Zidane, a 21st Century Portrait (2006) is a compelling video shot when French soccer superstar Zinedine Zidane was at the height of his sports career.

“The installation, and what you feel when you’re in it, goes way beyond soccer,” says Dr. Benedict Leca at the Art Gallery of Hamilton, where the video is currently on loan from the National Gallery of Canada. “It’s exhilarating. It takes you to the middle of the experience, so that you feel like you are literally running around on the field with Zidane.” The 90-minute video was produced by internationally renowned artists Douglas Gordon and Philippe Parreno, and explores our fascination with pop stars and modern-day sports heroes.

Gordon and Parreno positioned seventeen cameras throughout Madrid’s Santiago Bernabéu Stadium during a championship soccer match between Real Madrid and Villarreal in 2005. Each camera operator was directed to remain fixed on Zidane—then-captain of the French team—through the entire match, resulting in a slickly edited video that is juxtaposed with raw game footage projected on an adjacent screen. The soundtrack captures the roar of 80,000 screaming fans, Spanish television commentary, and original music by the Scottish band Mogwaï, for an experience Leca describes as “immersive, transporting and dramatic.”

One of the highlights of this piece comes when audiences hear Zidane himself talk about soccer. In a voiceover, Zidane describes how he grew up with the game, as well as the impact of playing in front of thousands of fans.

The edited video is comprised of 17 different camera angles. In each of the 17 versions of this work, the raw footage projected on the adjacent screen comes from one of these 17 angles. The National Gallery’s version features raw footage that focuses largely on Zidane’s face; other versions may track his foot movements, or take panning shots of the pitch throughout the match.

“The entire room is pitch-black except for these non-stop videos,” he says. “One screen goes black, then another one lights up and Zidane is yelling, then the crowd erupts and the line judge is whistling.
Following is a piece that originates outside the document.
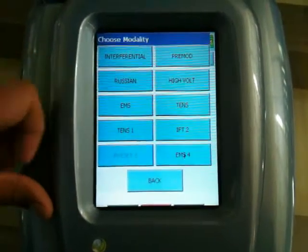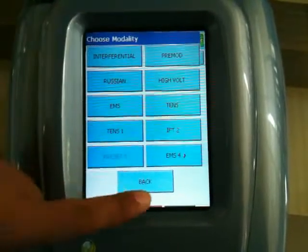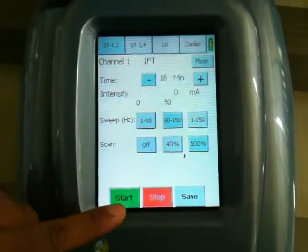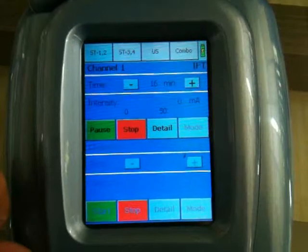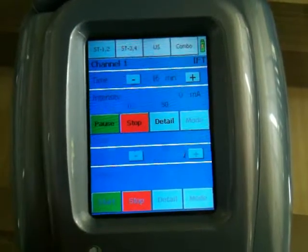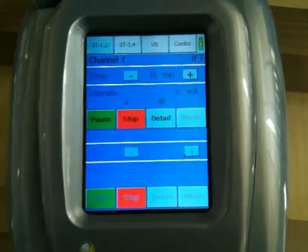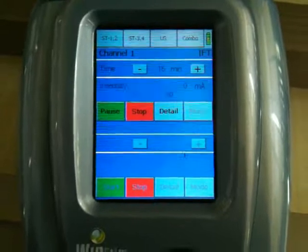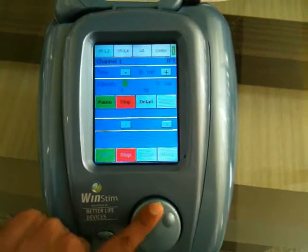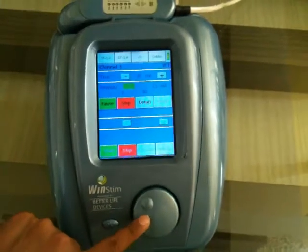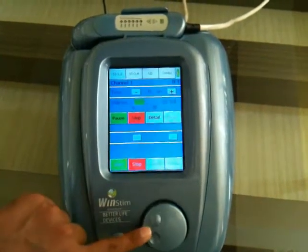Here you can select any of the modalities at any instance. Now we are just starting the treatment. After the treatment starts, the screen turns blue, indicating the treatment is active. You can increase the intensity by rotating the knob clockwise, or decrease it by rotating it anti-clockwise.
It’s overwhelming and powerful. These soccer players are like today’s gladiators. It’s high-drama. The installation itself is very dramatic. It really grabs you.”

The experience is literally heightened, with Zidane’s every move magnified and projected larger than life on the various screens. The cameras train an intense, unwavering gaze on Zidane, giving viewers insight into the people we turn into heroes, and “their complexities, their greatness and their human foibles,” as Leca says.

“This whole presentation makes you feel at one with Zidane,” adds Leca. “It’s one thing to feel an affinity with him as a French citizen yourself, as a French person of Algerian descent, as a soccer-lover, or as a fan of an iconic sports star. It really hits home, however, when you’re in the middle of the room, right there with him. You feel an affinity on a whole different level. It’s a physical level, as opposed to an intellectual level.”

Zidane, a 21st Century Portrait will be presented at the Art Gallery of Hamilton until April 28, 2013.